▼

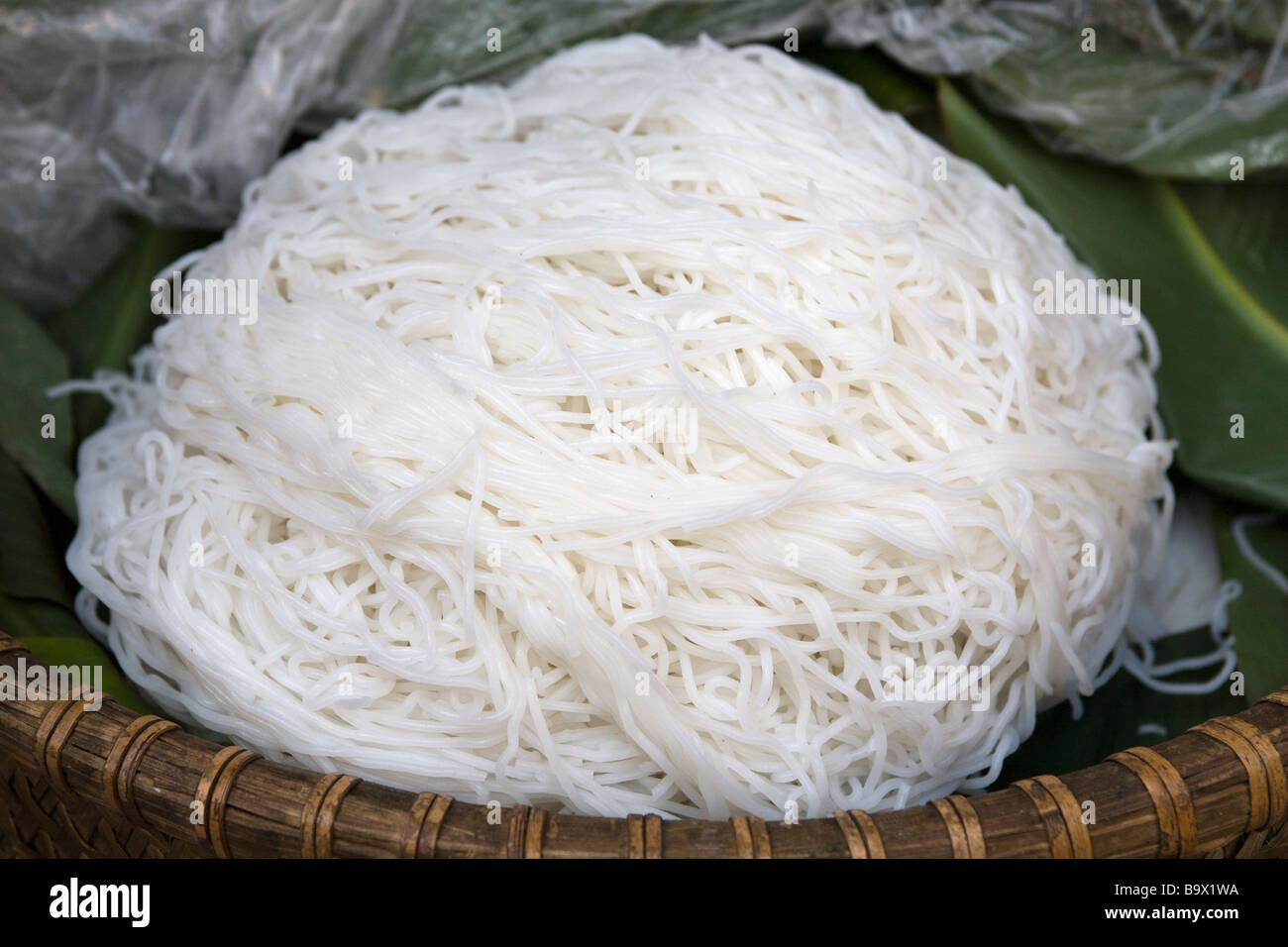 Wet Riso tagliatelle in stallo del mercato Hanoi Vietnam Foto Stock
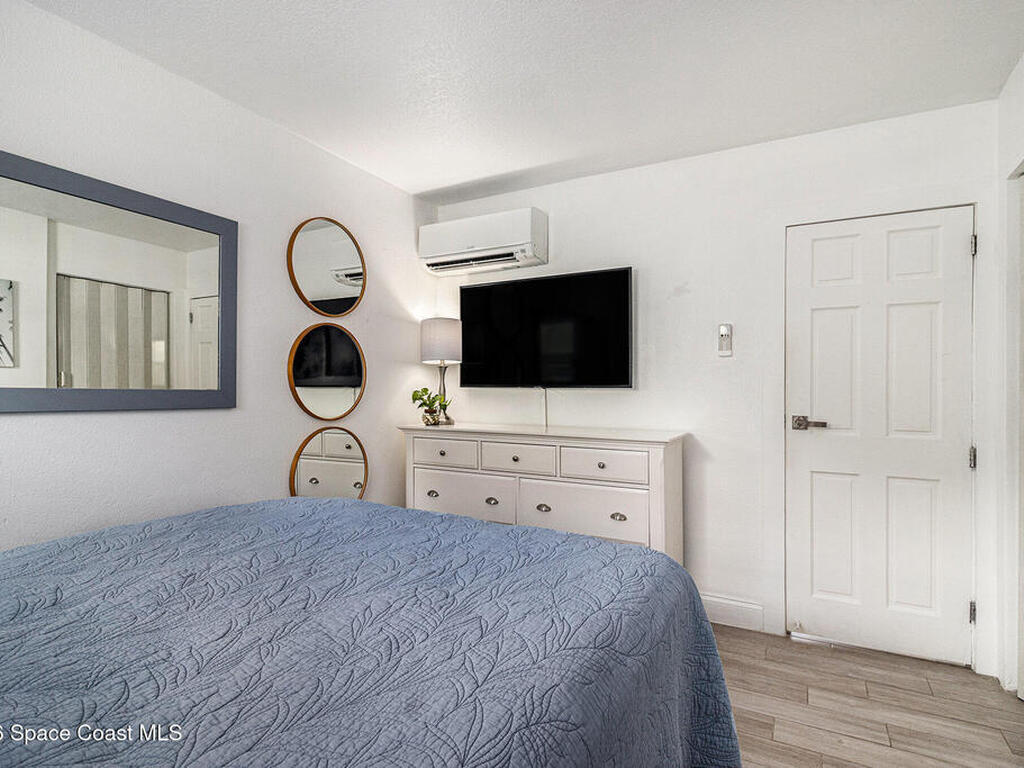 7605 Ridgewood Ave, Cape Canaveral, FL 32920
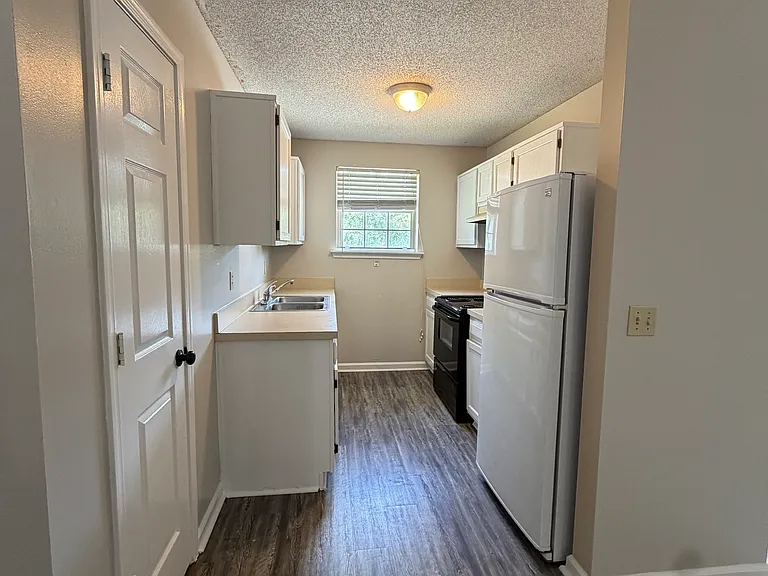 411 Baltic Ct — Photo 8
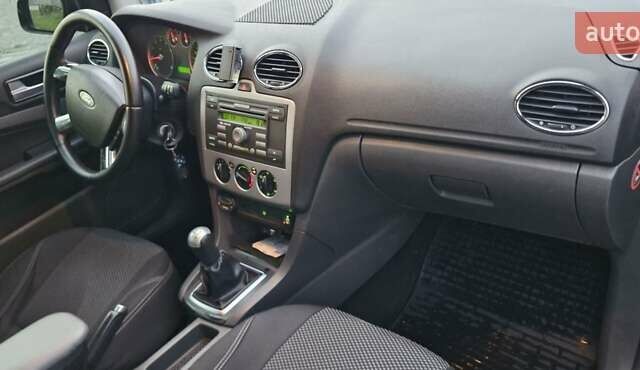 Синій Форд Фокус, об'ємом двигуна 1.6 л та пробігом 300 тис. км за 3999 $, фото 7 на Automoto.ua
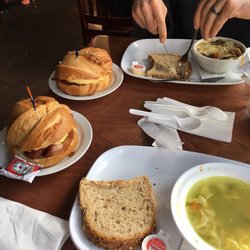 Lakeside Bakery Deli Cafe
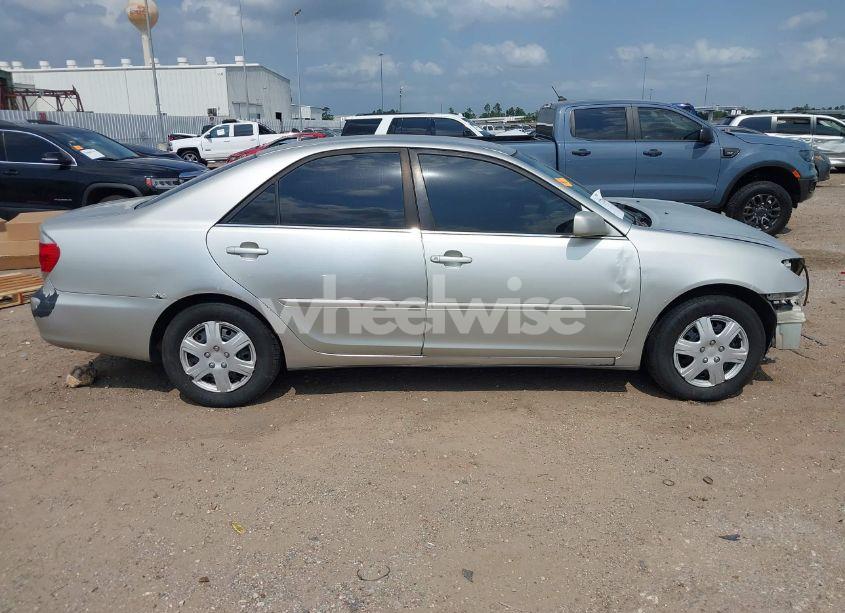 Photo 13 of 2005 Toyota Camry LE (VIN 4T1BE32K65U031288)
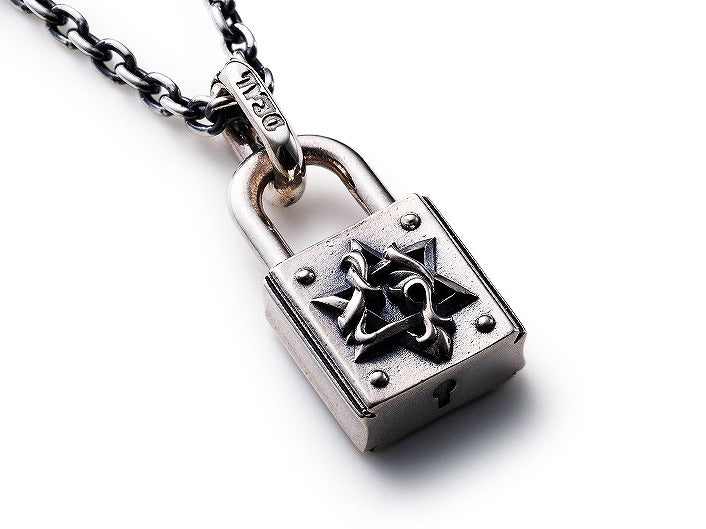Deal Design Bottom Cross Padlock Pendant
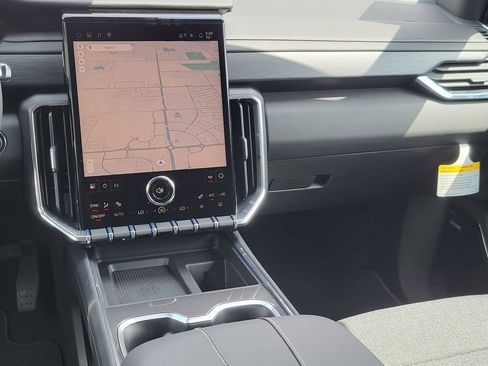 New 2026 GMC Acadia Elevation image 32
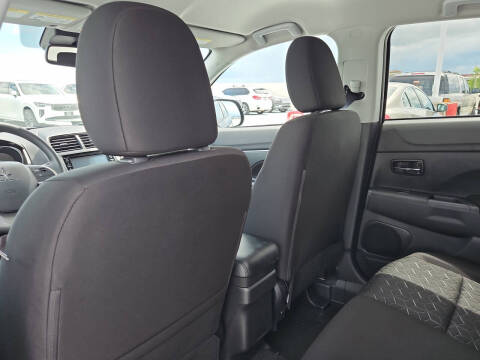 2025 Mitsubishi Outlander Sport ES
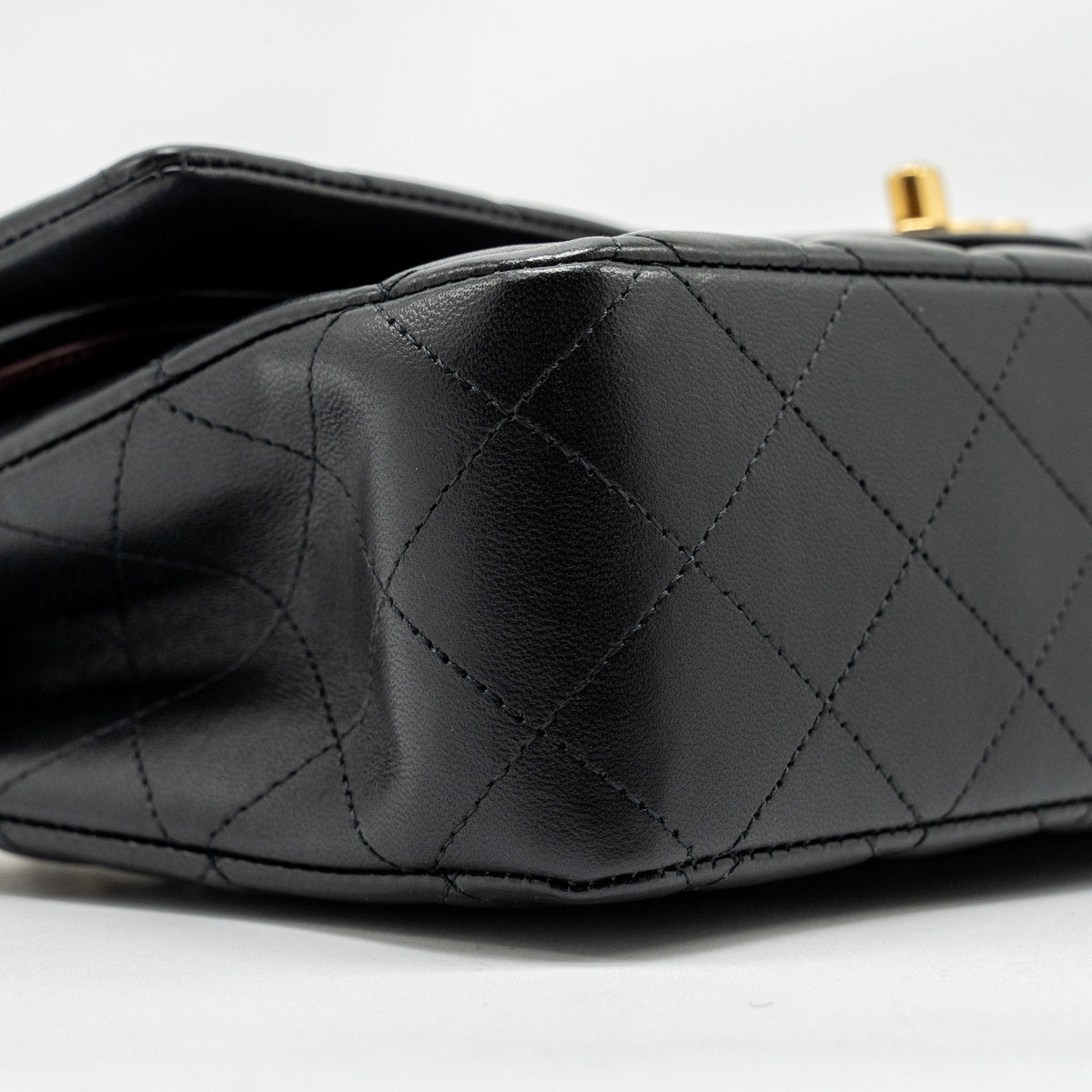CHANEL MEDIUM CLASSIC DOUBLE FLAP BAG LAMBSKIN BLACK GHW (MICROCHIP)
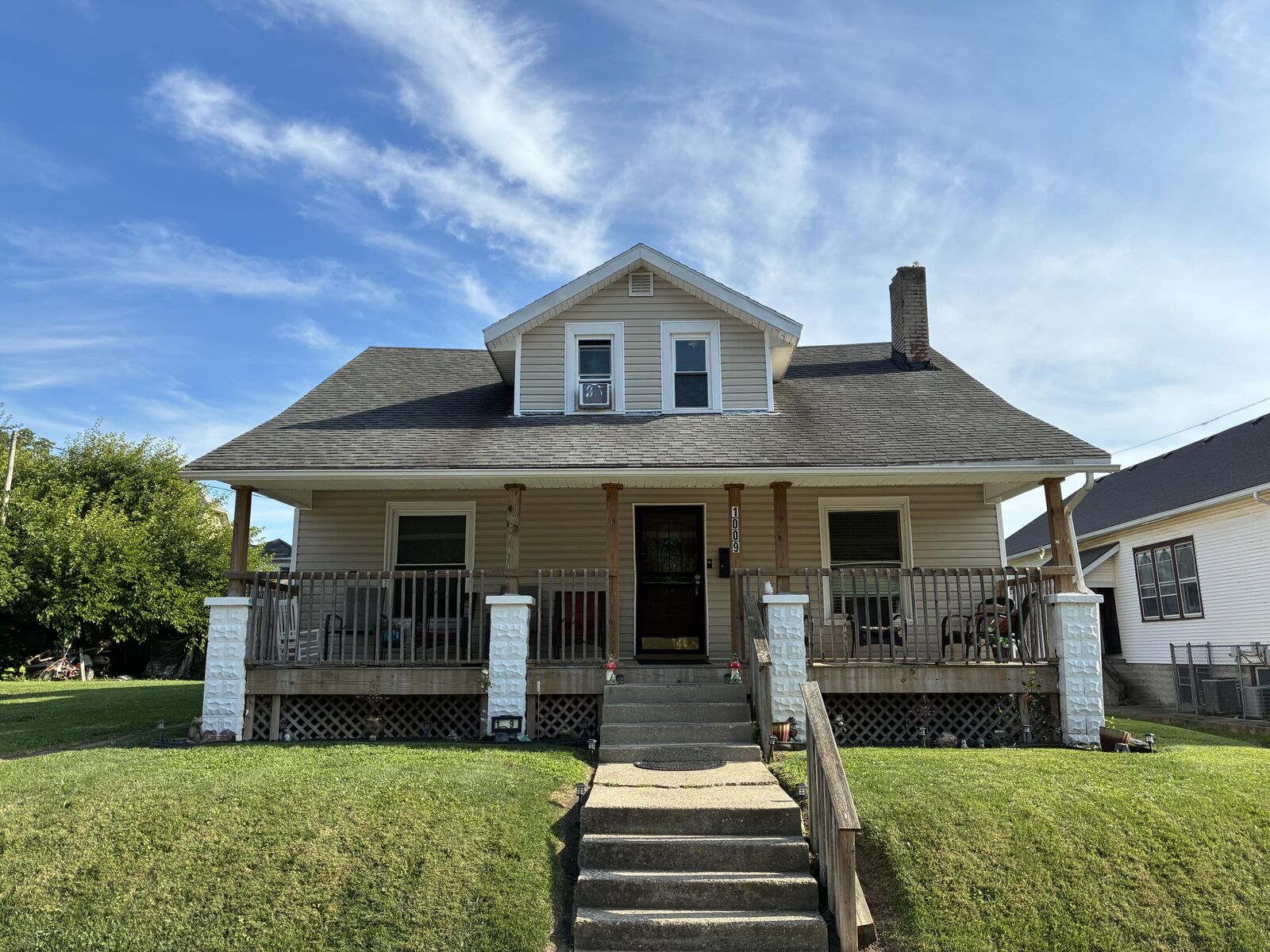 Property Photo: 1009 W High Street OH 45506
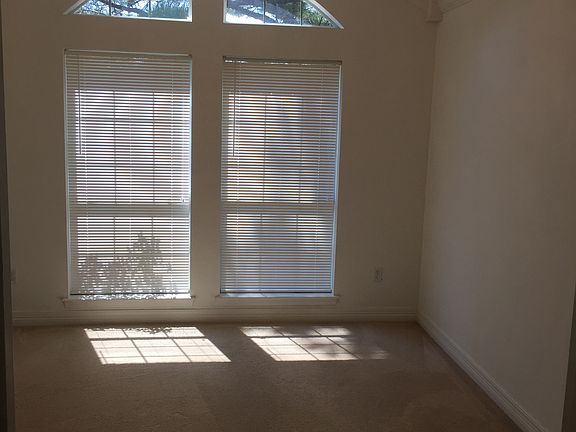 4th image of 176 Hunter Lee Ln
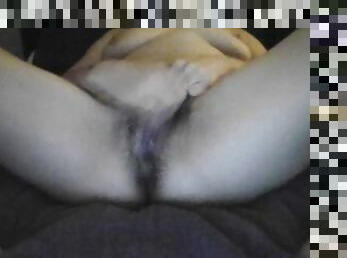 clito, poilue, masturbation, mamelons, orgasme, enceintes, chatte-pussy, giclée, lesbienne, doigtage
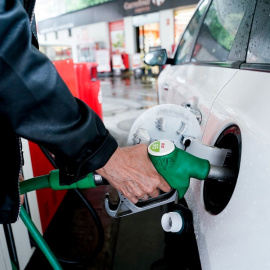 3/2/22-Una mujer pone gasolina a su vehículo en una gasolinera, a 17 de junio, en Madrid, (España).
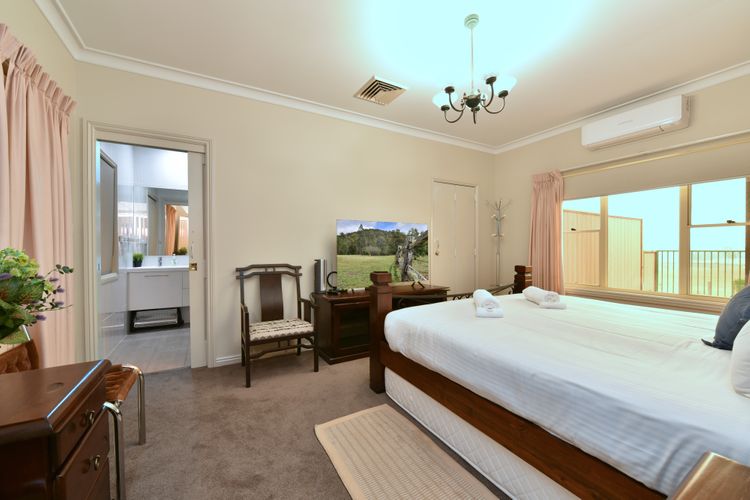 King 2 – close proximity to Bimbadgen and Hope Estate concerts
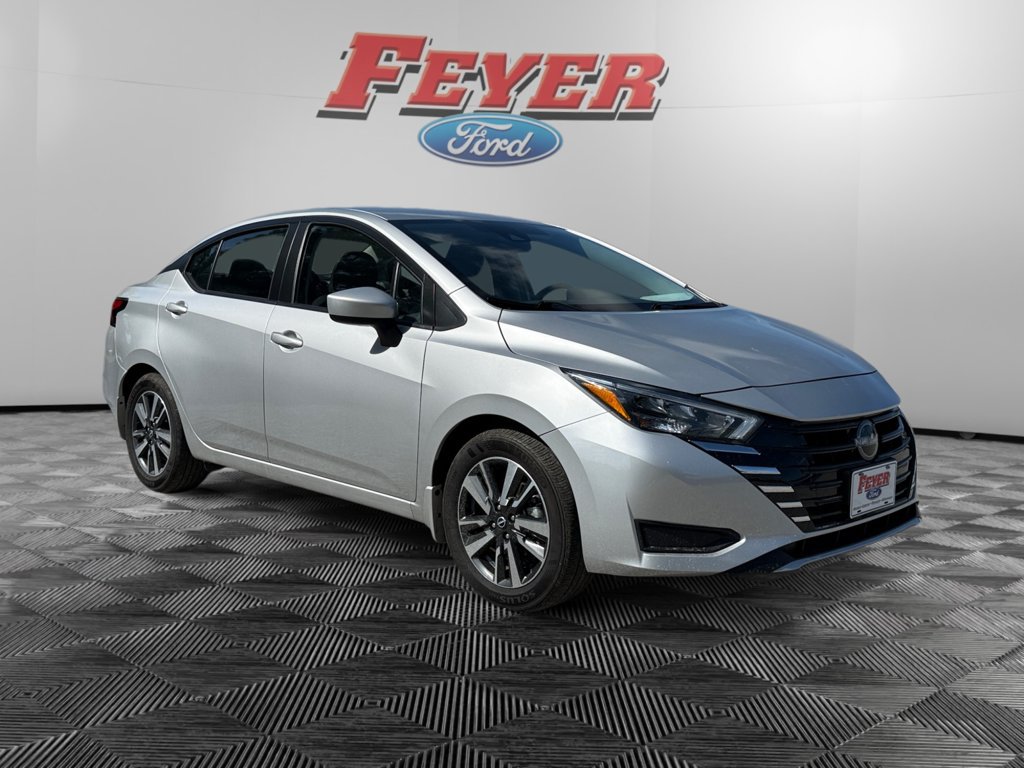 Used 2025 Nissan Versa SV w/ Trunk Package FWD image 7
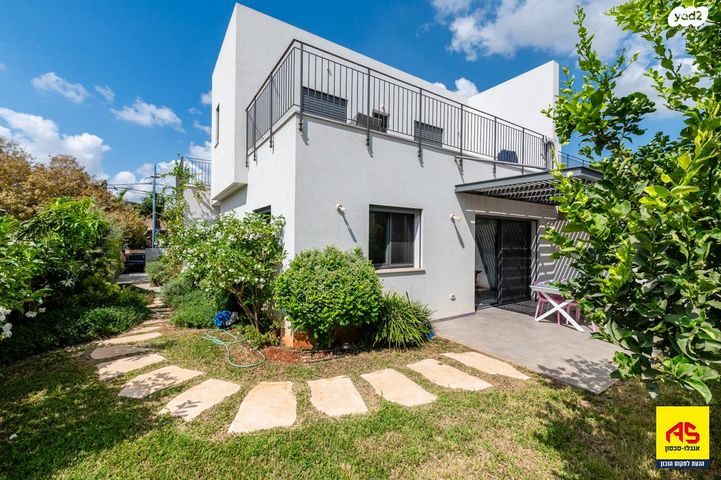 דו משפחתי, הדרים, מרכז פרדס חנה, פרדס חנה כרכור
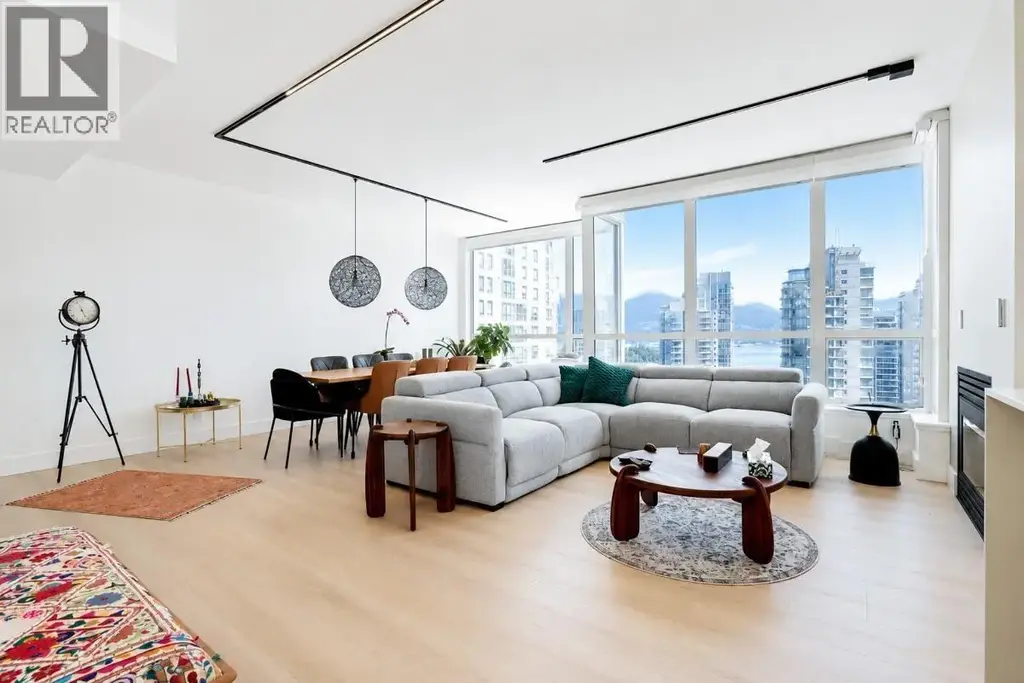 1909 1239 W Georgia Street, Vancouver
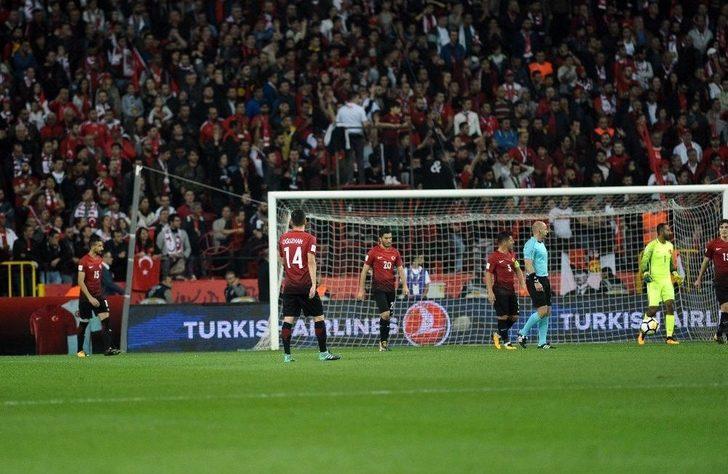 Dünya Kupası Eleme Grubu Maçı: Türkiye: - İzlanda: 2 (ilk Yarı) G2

▲

> **Task**
All of the material must be given again exactly, though no picture may appear in the copy.

> **Task output**
 Wet Riso tagliatelle in stallo del mercato Hanoi Vietnam Foto Stock
 7605 Ridgewood Ave, Cape Canaveral, FL 32920
 411 Baltic Ct — Photo 8
 Синій Форд Фокус, об'ємом двигуна 1.6 л та пробігом 300 тис. км за 3999 $, фото 7 на Automoto.ua
 Lakeside Bakery Deli Cafe
 Photo 13 of 2005 Toyota Camry LE (VIN 4T1BE32K65U031288)
Deal Design Bottom Cross Padlock Pendant
 New 2026 GMC Acadia Elevation image 32
 2025 Mitsubishi Outlander Sport ES
CHANEL MEDIUM CLASSIC DOUBLE FLAP BAG LAMBSKIN BLACK GHW (MICROCHIP)
 Property Photo: 1009 W High Street OH 45506
 4th image of 176 Hunter Lee Ln
 clito, poilue, masturbation, mamelons, orgasme, enceintes, chatte-pussy, giclée, lesbienne, doigtage
 3/2/22-Una mujer pone gasolina a su vehículo en una gasolinera, a 17 de junio, en Madrid, (España).
 King 2 – close proximity to Bimbadgen and Hope Estate concerts
 Used 2025 Nissan Versa SV w/ Trunk Package FWD image 7
 דו משפחתי, הדרים, מרכז פרדס חנה, פרדס חנה כרכור
 1909 1239 W Georgia Street, Vancouver
 Dünya Kupası Eleme Grubu Maçı: Türkiye: - İzlanda: 2 (ilk Yarı) G2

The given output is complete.